In dem entschiedenen Fall ging es um die Auslegung des § 7 Abs. 1 SGB IV:

1Beschäftigung ist die nichtselbständige Arbeit, insbesondere in einem Arbeitsverhältnis. 2Anhaltspunkte für eine Beschäftigung sind eine Tätigkeit nach Weisungen und eine Eingliederung in die Arbeitsorganisation des Weisungsgebers.

Geklagt hatte eine Kreishandwerkerschaft. Diese unterhält eine eigene Geschäftsstelle mit Angestellten, der ein hauptamtlicher Geschäftsführer vorsteht. Angestellte und Geschäftsführer unterliegen unstreitig der Beitragspflicht in der gesetzlichen Sozialversicherung.

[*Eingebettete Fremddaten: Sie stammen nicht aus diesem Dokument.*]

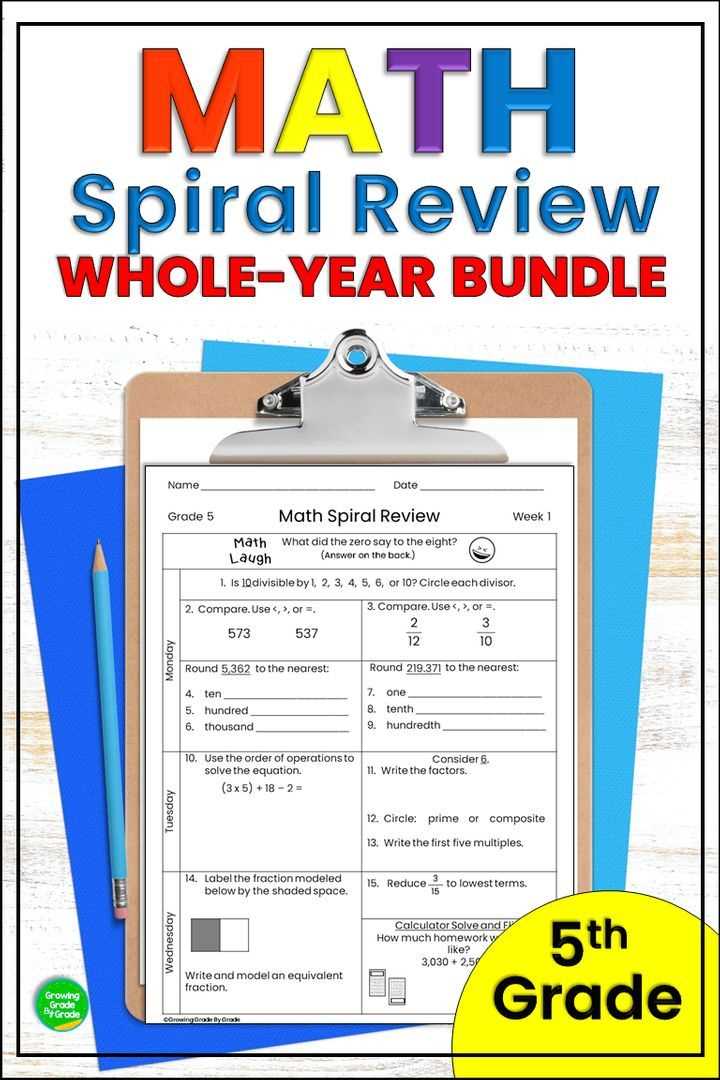 spiral review math 5th grade answer key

Strittig war die Aufwandsentschädigung des Kreishandwerksmeisters, im entschiedenen Fall hauptberuflich als selbständiger Elektromeister tätig. Im Nachgang zu einer Betriebsprüfung nahm die beklagte Deutsche Rentenversicherung Bund (DRV Bund) an, dass der Kreishandwerksmeister geringfügig beschäftigt sei und forderte pauschale Arbeitgeberbeiträge zur gesetzlichen Rentenversicherung in Höhe von rund 2.600 Euro nach.

Gemäß § 66 Abs. 4 Handwerksordnung  (HWO) ist der Kreishandwerkermeister ehrenamtlich tätig:

Die Mitglieder des Vorstands verwalten ihr Amt als Ehrenamt unentgeltlich; es kann ihnen nach näherer Bestimmung der Satzung Ersatz barer Auslagen und eine Entschädigung für Zeitversäumnis gewährt werden.

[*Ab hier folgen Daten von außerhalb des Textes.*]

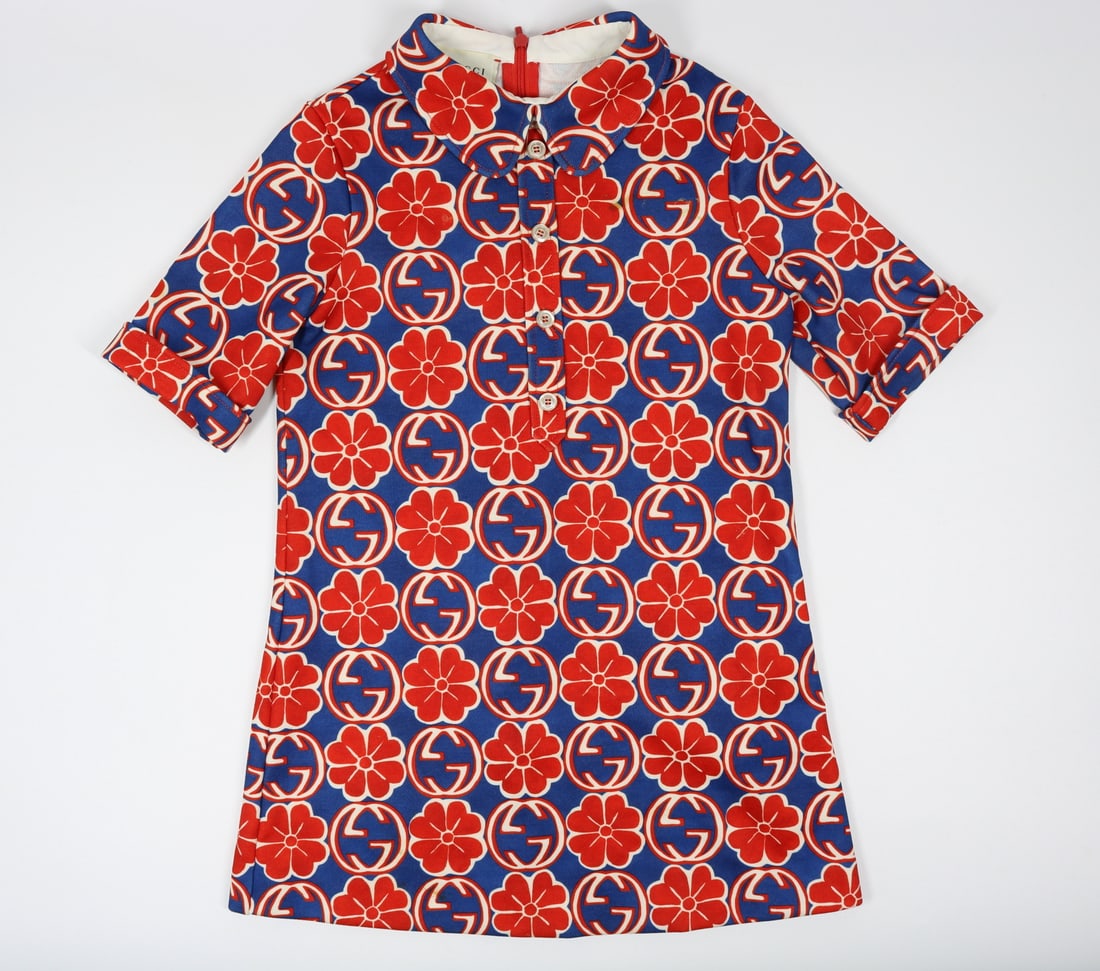 Gucci Children's Interlocking G Floral Short-Sleeved Dress (1 of 6)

Nach Auffassung des Bundessozialgerichts ist die ehrenamtliche Tätigkeit grundsätzlich keine Beschäftigung im Sinne des § 7 Abs. 1 SGB IV (BSG, Urteil v. 16.08.2017 - B 12 KR 14/16 R). Ehrenämter zeichneten sich durch die Verfolgung eines ideellen, gemeinnützigen Zweckes aus und unterschieden sich damit grundlegend von beitragspflichtigen, erwerbsorientierten Beschäftigungsverhältnissen. Die Gewährung von Aufwandsentschädigungen ändere daran nichts, selbst wenn sie pauschal und nicht exakt entsprechend dem tatsächlichen Aufwand erfolge. Auch die Wahrnehmung von Verwaltungsaufgaben sei unschädlich, soweit sie unmittelbar mit dem Ehrenamt verbunden seien, wie zum Beispiel die Einberufung und Leitung von Gremiensitzungen. Zur Stärkung des Ehrenamts ist nach Ansicht des Gerichts eine gesetzliche Klarstellung wünschenswert.

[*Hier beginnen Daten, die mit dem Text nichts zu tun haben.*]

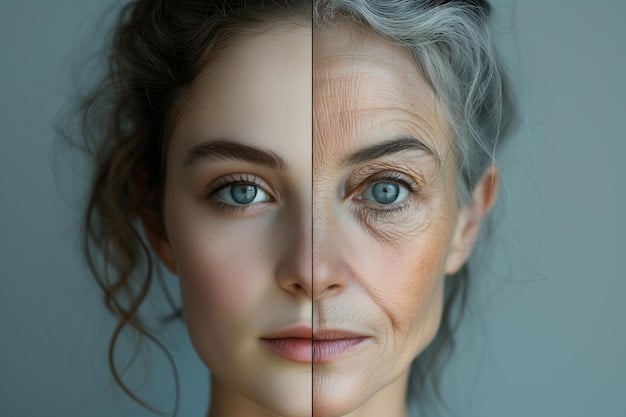 A split image comparing skin before and after collagen supplementation, highlighting the reduction in wrinkles and improved skin texture in the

Nach hier vertretener Auffassung ist dieses Urteil aber grundsätzlich auf alle ehrenamtliche Tätigkeiten anwendbar. Denn es kann keinen Unterschied machen, ob sich die Ehrenamtlichkeit aus dem Gesetz (hier: HWO), der Satzung des Vereins oder der Stiftung oder aus den tatsächlichen Verhältnissen (z.B. die ehrenamtliche Hausaufgabenbetreuung) ergibt.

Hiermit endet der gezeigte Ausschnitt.